Parallèlement, l’amélioration du système éducatif augmenterait le niveau de qualification d’une société. Les bénéfices se ressentiraient sur le niveau d’emploi, mais bien au-delà, car, on le sait, l’éducation contribue à la stabilité sociale et à la croissance économique sur le long terme.

Dans le haut de la chaîne de revenus

Concernant la fixation des salaires des plus riches, d’autres forces sont à l’oeuvre, donc d’autres modes d’intervention sont nécessaires.

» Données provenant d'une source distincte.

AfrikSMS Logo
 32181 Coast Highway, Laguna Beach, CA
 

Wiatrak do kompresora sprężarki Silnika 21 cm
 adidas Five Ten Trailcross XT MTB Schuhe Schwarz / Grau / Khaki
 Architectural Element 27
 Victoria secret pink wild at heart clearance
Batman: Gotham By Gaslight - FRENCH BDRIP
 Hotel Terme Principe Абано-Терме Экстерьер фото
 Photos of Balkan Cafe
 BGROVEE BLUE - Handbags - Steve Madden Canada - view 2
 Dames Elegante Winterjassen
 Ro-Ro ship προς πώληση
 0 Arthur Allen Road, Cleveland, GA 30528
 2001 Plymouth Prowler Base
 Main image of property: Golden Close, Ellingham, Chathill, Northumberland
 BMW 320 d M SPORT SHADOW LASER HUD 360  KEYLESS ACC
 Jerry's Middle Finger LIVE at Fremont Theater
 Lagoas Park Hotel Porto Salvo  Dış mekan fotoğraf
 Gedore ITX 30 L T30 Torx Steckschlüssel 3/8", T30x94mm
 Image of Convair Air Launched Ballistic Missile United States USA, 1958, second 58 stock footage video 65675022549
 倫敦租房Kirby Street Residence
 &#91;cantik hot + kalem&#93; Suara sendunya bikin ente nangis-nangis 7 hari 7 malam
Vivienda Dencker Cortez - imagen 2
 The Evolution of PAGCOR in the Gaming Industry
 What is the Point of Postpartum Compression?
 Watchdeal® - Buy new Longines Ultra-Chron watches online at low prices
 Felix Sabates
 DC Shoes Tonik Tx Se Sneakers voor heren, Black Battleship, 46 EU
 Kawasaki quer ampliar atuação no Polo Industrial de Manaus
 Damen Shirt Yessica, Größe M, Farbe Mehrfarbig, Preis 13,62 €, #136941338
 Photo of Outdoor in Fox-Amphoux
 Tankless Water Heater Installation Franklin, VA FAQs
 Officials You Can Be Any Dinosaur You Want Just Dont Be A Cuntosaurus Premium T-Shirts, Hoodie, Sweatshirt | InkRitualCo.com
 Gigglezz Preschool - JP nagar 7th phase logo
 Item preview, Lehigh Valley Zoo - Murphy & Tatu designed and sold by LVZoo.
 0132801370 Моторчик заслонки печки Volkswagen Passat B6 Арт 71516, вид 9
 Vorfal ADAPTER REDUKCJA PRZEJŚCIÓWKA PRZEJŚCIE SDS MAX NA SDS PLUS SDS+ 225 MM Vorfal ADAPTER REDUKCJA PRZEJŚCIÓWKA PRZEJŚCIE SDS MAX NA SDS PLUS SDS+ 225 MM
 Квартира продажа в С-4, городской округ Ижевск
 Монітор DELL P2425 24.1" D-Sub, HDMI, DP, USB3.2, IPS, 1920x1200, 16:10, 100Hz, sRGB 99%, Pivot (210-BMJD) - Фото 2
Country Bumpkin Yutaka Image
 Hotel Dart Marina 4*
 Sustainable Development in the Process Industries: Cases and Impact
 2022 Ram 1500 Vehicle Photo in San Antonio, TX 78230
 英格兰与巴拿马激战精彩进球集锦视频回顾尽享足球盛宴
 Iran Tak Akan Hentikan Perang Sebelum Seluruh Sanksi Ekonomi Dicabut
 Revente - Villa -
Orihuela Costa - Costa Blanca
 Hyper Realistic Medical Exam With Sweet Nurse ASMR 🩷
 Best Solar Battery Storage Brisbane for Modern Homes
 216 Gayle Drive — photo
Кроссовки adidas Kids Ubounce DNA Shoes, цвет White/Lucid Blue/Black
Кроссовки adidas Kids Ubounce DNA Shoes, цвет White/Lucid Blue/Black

Tandis que l’écart de revenus entre les plus riches et les plus pauvres se creuse et que dans le même temps on sait que la théorie du ruissellement ne fonctionne pas (idée selon laquelle les revenus des plus riches sont réinjectés dans l’économie, créant ainsi de la croissance et de l’emploi), l’Etat a tout intérêt à intervenir pour réduire ces inégalités, notamment via la fiscalité.

D’après Thomas Piketty dans Regards croisés sur l’économie, il s’agit de repenser la fiscalité via un taux adapté de taxation des hauts revenus.

Dans cet article, il expose les chiffres du taux marginal d’imposition aux Etats-Unis (taux auquel est imposée la dernière tranche du revenu d’un contribuable). Sa baisse au cours des dernières décennies conduit les plus riches à s’enrichir encore plus.

“Depuis 1975, on constate qu’il existe une forte corrélation entre la baisse des taux d’imposition sur les plus riches et la croissance de la part des plus riches dans le revenu national. Par exemple, aux États-Unis, le taux marginal supérieur d’imposition au niveau fédéral est passé de 70 % dans les années 1970 à 35 % aujourd’hui.” A noter qu’il s’agit ici de l’ensemble des revenus, pas uniquement le revenu du travail.

En France, ce taux a peu évolué, et la part des 1 % les plus riches est “relativement stable depuis 1975.” Plutôt cohérent quand on sait que les revenus des “super-cadres” sont moins élevés dans le pays qu’aux Etats-Unis par exemple.

Si la métropole fait partie des pays européens où les inégalités de revenu disponible sont relativement faibles, après prélèvements obligatoires et redistribution, il reste encore beaucoup d’efforts à réaliser à l’échelle mondiale et ainsi atteindre les objectifs de développement durable.